En 2013, la Fondation Gianadda offrait une belle rétrospective à Sam Szafran (1934-2019), artiste, d’origine juive-polonaise, né à Paris, qui s’est voué à une approche figurative et poético-onirique du réel d’une extrême singularité. Trois ans après sa disparition, c’est le musée de l’Orangerie à Paris qui remet la lumière sur l’œuvre de ce dessinateur instinctif doté d’un trait sûr depuis l’enfance.

Le dessin, voilà ce qui a sauvé Szafran d’une carrière de voyou et d’une mort par overdose. Enfant d’émigrés juifs polonais habitant dans le quartier des Halles, il échappe de peu à la déportation en sortant miraculeusement du Vel d’Hiv grâce à la blondeur de ses cheveux ; sa tante et son père disparaîtront en camp de concentration. Nous sommes le 16 juillet 1942, il a 7 ans et se sent adulte. La suite de son enfance brisée est marquée par des traumatismes et des violences. -comme cet oncle qui le suspendait au-dessus d’une cage d’escalier pour faire céder ce gamin frondeur, réfractaire à tout, séchant l’école pour la magie des images de cinéma, « sa première université picturale ». Adolescent, il zone dans la rue avec les voyous, se drogue, vide les verres sur les comptoirs des bistrots… Jusqu’au jour où un chef de bande découvrant les ornementations sur sa bicyclette lui lance : « quand on est aussi doué, on n’entre pas chez les blousons noirs ! ». Déclic salvateur.

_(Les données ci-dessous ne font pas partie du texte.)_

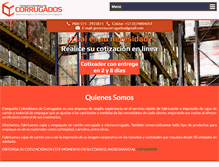 Tablet Screenshot of ccorrugados.com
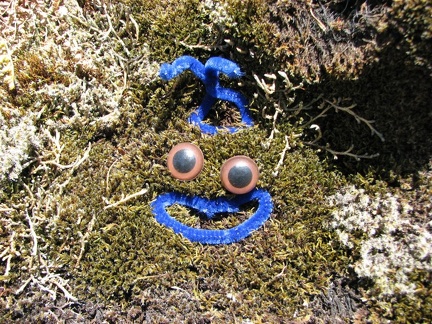 Artistic license along the Saddle Mountain. Maybe it is a Smurf?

L’autodidacte va apprendre et se construire avec une soif inextinguible, dévorant des livres, copiant les maîtres au Louvre, se formant à l’académie de la Grande Chaumière, fréquentant les artistes de Montparnasse, nouant des amitiés intenses avec Alberto et Diego Giacometti ou Henri Cartier-Bresson. Ne lâchant rien pour devenir peintre. Il laisse un corpus de quelque 1 200 œuvres, 800 aquarelles et 300 pastels et crayons, autour de trois thèmes obsessionnels : les escaliers déformés jusqu’au vertige, les ateliers ce lieu d’enfermement -et de création- de l’artiste, et les philodendrons…plante qui resplendissait, luxuriante, dans l’atelier parisien que lui avait prêté le peintre Zao Wou-Ki en 1966 et qu’il n’arrivait pas à dessiner. Une impuissance devenue une obsession pendant un demi-siècle.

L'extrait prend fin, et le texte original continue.